Saubere Methode

Über alte Töpferei wusste niemand besser Bescheid: Die Ausstellung „Agatha Christie und der Orient“

Sie reiste am liebsten mit dem luxuriösen Orientexpress, schreckte aber auch vor keinem klapprigen Wüstenbus zurück. Sie ließ lieber ihr eigenes Gesicht austrocknen als die antiken elfenbeinernen Grabungsfunde, die sie mit ihrer Creme reinigte. „Agatha Christie und der Orient. Kriminalistik und Archäologie“ heißt eine Ausstellung des Vorderasiatischen Museums Berlin im Kulturforum am Potsdamer Platz, und sie zeigt uns die berühmte Krimiautorin als eine Frau, die sich mit Haut und Haaren auf die Arbeit einließ.
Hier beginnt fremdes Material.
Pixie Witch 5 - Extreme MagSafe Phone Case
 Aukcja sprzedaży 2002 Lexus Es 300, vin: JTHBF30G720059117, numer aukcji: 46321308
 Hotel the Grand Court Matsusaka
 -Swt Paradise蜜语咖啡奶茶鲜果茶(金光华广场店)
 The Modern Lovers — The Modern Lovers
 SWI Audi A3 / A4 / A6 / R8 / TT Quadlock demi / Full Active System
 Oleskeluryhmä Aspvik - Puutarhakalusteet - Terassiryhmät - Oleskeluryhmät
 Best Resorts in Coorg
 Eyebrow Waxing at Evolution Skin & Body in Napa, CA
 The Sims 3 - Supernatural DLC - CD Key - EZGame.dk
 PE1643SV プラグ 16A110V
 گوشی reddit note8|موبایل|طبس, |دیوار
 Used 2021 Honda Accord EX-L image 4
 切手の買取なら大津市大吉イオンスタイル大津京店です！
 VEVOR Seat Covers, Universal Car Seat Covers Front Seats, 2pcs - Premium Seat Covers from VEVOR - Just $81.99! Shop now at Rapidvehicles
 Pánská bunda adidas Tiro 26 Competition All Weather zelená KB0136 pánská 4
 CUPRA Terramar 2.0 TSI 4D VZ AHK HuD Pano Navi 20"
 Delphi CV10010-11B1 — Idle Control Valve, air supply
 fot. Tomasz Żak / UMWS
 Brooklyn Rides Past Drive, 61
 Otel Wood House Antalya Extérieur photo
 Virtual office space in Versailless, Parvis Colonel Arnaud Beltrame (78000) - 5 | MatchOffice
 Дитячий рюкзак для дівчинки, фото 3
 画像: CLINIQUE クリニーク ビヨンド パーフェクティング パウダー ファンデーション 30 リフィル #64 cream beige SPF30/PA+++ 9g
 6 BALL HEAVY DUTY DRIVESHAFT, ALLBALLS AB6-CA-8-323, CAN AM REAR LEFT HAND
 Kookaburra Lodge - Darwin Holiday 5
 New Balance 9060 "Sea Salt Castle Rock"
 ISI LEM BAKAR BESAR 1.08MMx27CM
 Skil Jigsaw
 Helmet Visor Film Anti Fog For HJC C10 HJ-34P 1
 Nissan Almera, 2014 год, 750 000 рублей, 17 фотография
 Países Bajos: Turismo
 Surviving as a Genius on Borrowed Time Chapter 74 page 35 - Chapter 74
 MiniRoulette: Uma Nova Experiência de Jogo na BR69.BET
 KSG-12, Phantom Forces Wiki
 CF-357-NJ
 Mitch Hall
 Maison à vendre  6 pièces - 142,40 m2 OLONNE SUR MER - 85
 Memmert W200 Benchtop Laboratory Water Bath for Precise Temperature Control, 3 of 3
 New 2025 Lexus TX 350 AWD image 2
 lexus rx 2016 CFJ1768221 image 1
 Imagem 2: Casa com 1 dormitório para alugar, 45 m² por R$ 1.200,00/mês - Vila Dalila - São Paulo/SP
Im Herbst 1928 reiste Agatha Christie erstmals in Richtung Damaskus. Zwei Jahre später lernte sie bei britischen Ausgrabungen in Abrahams Heimatstadt Ur den 14 Jahre jüngeren Archäologen Max Mallowan kennen. Noch im gleichen Jahr heirateten die beiden und blieben 46 Jahre lang glücklich. Christie hatte sich nämlich in den Beruf ihres Mannes gleich mit verliebt und betätigte sich fortan an seiner Seite professionell als Archäologin.

Auf der Sonderausstellung im Kulturforum kommen über 200 Funde von den Ausgrabungen des Ehepaares Malolowan/Christie in Ur, Ninive und anderen Orten aus dem British Museum in London. Eine besondere Abteilung ist dem Reisen in den 30er- und 50er-Jahren gewidmet. Hier wurde unter anderem ein Abteil des Orientexpress in Originalgröße rekonstruiert. Die so er- fahrenen Orte liehen ihr Kolorit einer ganzen Reihe von Büchern der Schriftstellerin, unter anderem „Mord im Orientexpress“ oder „Tod auf dem Nil“. Die Ausstellung präsentiert auch Originalkostüme und Kulissen von den Verfilmungen dieser beiden Kriminalromane.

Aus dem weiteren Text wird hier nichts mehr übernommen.